On the bus, I try and reread the audition pieces, but the words dance a jig on the page. By now, I am really feeling quite ill.
After a bolstering pitstop in a nearby café, I steel myself and walk towards the theatre.
Carole, who’s producing, is having a crafty cigarette outside. I know her a little from hanging round Progress before, and we exchange greetings. There’s no escape now, but I am overwhelmed with nerves and nausea.
Inside, we’re sent off in little groups to practice the pieces before coming back to ‘perform’. I even have a crack at reading Beatrice, even though, at my age, landing the romantic heroine gig seems risibly unlikely.

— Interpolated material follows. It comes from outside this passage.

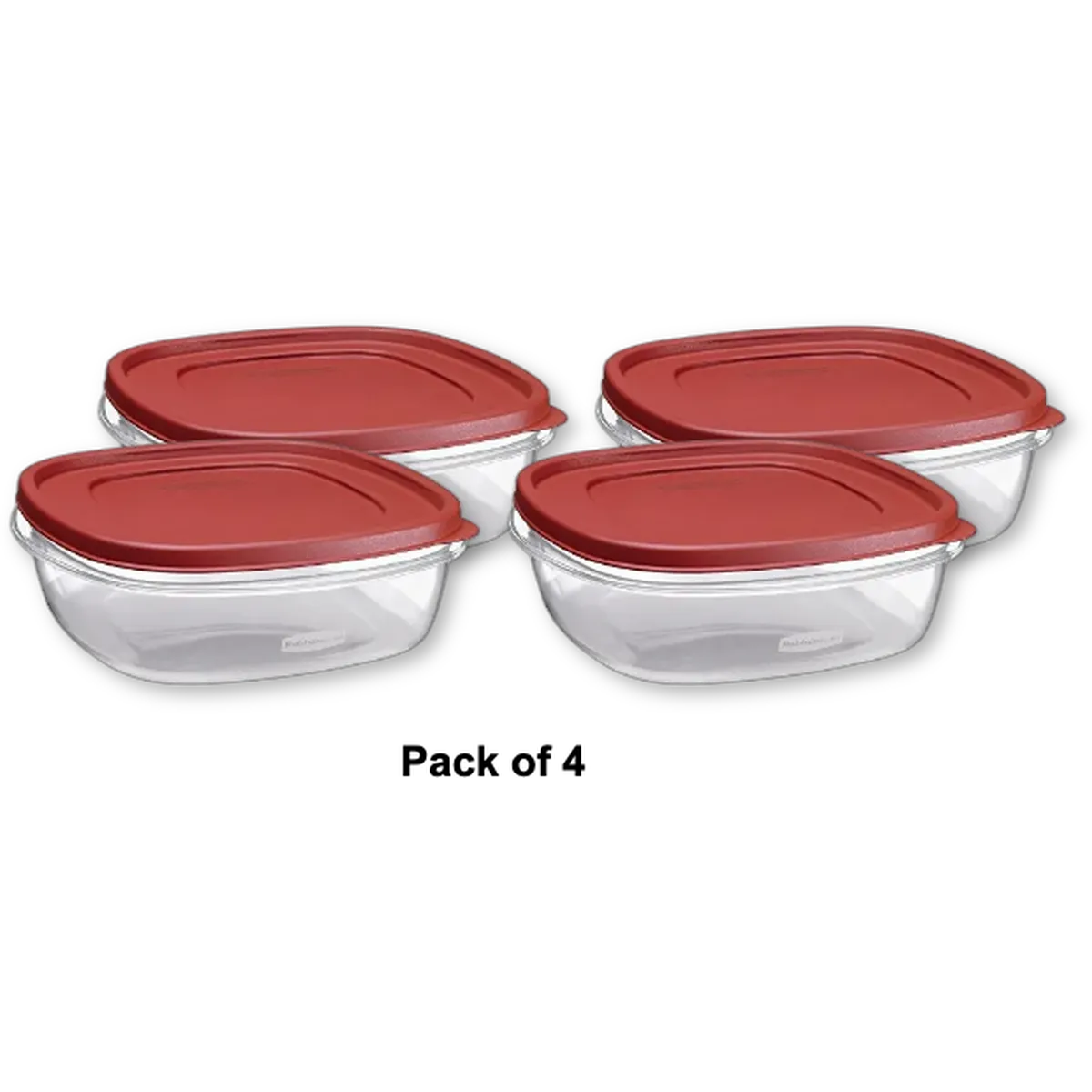 Rubbermaid Easy Find Lid Square 9 Cup Food Storage Container - 1 Ea 19.2oz (Pack of 4)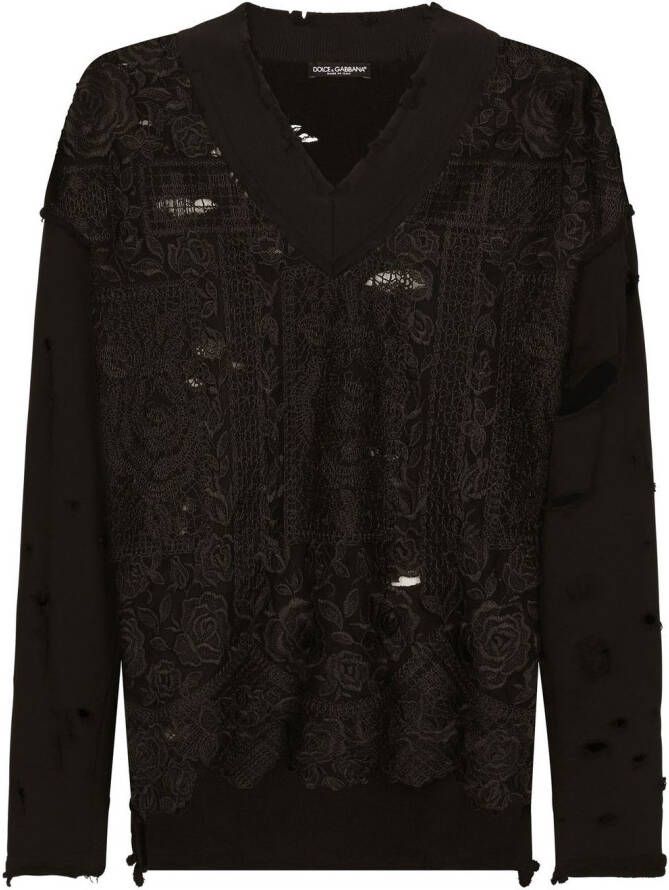 Dolce & Gabbana Tulen sweater met borduurwerk Zwart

Still, the members of the Dad’s Army-style watch, a collective of committedly bungling incompetents, can be any age and played by men or women. (Indeed, for this production, director Trevor Dale has worked hard to beef up the female roles.)

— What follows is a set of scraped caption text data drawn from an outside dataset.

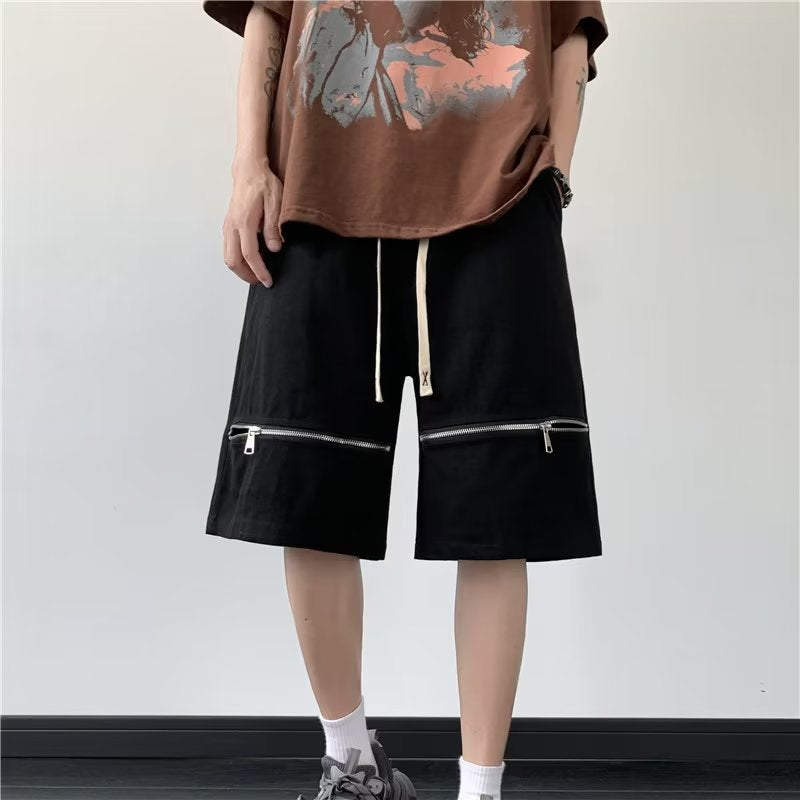 Boys summer casual fashion solid color all-match youth trend blue straight fifth pants sports pants New middle pants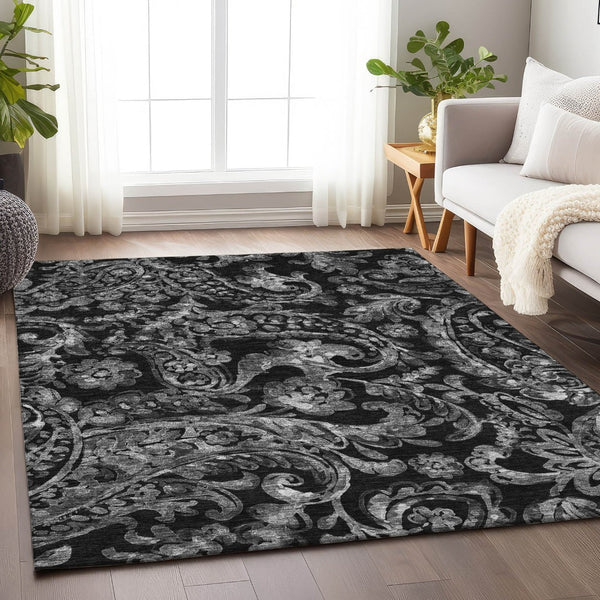HomeRoots 9' X 12' Black And Silver Paisley Area Rug - Stylish, Washable, UV-Protected for High-Traffic Spaces 666979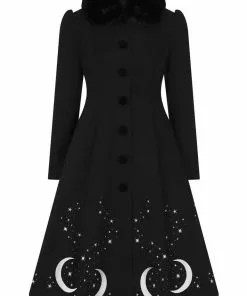 Hell Bunny Interstellar Moon 40's Coat Black New In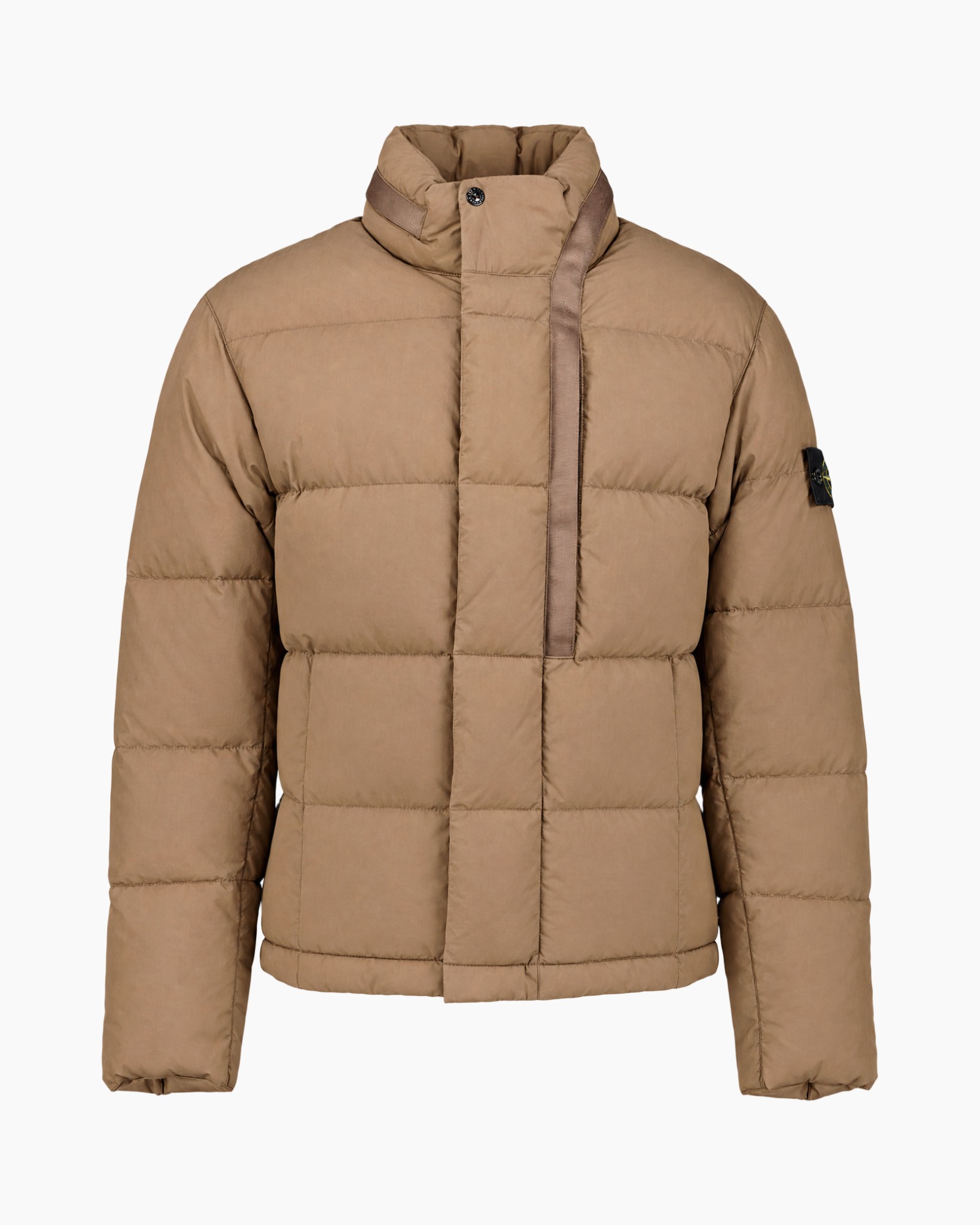donsjas, gestikt, tan, hoge kraag, ritssluiting, jacke mit Daunen, gepufferte Mantel, winterouterwear, hoher kraag, beige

In the props area, I find a walking stick and use it in the audition. Dale smiles, but it’s unclear whether that’s in genuine amusement or at my hopelessness.
In the days that follow, the agony of waiting. I get so impatient I send a Facebook message pleading for news. The polite reply is cryptic – I will be told in due course, but don’t need to attend the callbacks.

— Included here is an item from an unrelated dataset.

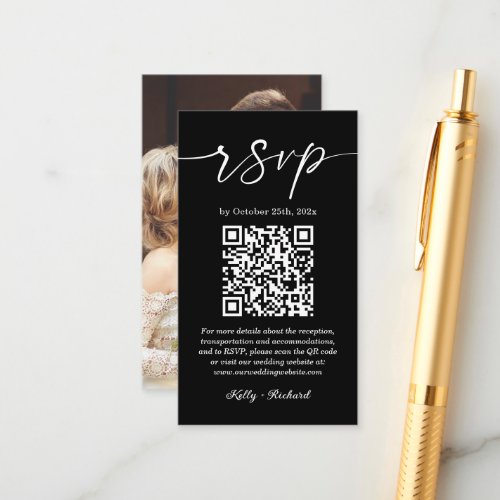Black White Small Vertical Wedding RSVP QR Code Enclosure Card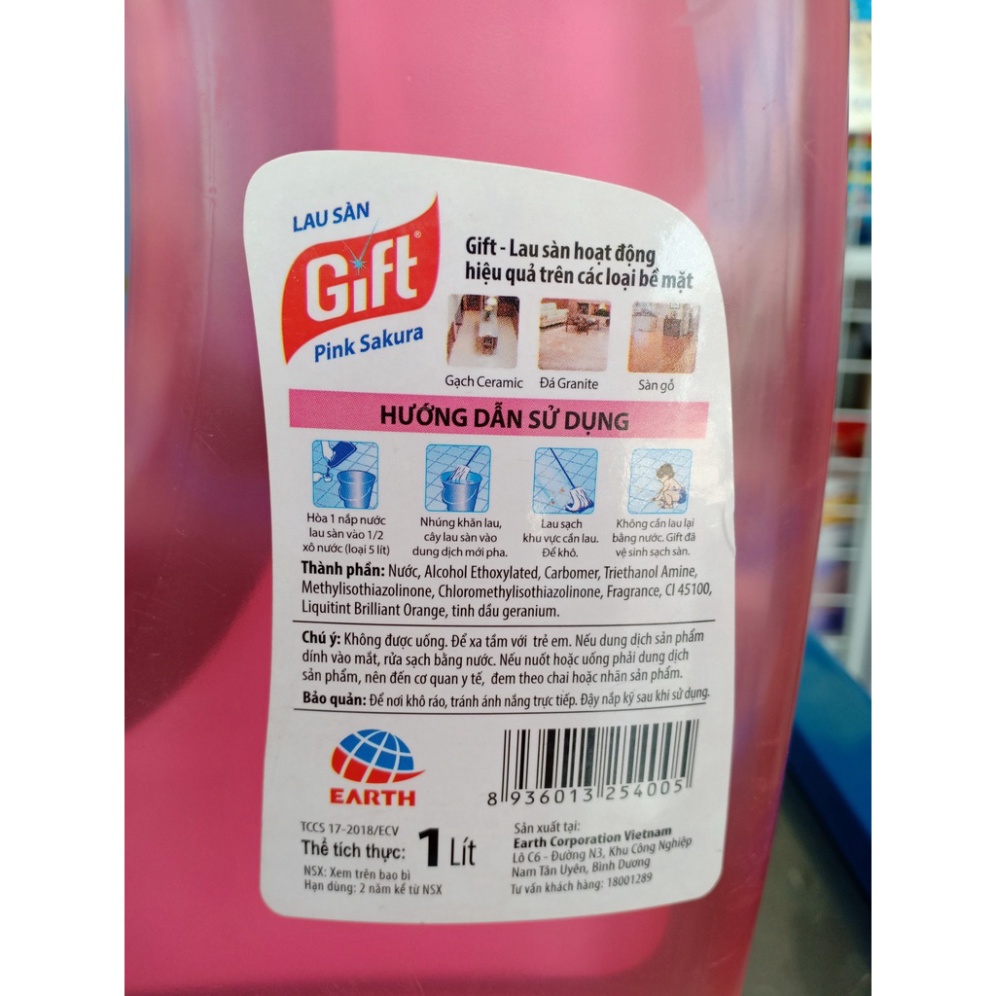 Nước Lau Sàn Gift Hương Pink Sakura, Hương Hoa Anh Đào Mẫu Mới, Công Thức Đậm Đặc Gấp 2 Lần, Can 100 ml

Right, that’s it, I think. How could I have been so naïve as to think I was in with a chance of being cast?
Another Sunday afternoon, and, resigned to rejection, I have all but forgotten Much Ado. I am unloading shopping bags in my kitchen. My phone buzzes, with a text message from an unfamiliar number, Carole’s as it turns out. It asks me whether I would like to play Verges, a member of the aforementioned Watch. I need to respond promptly.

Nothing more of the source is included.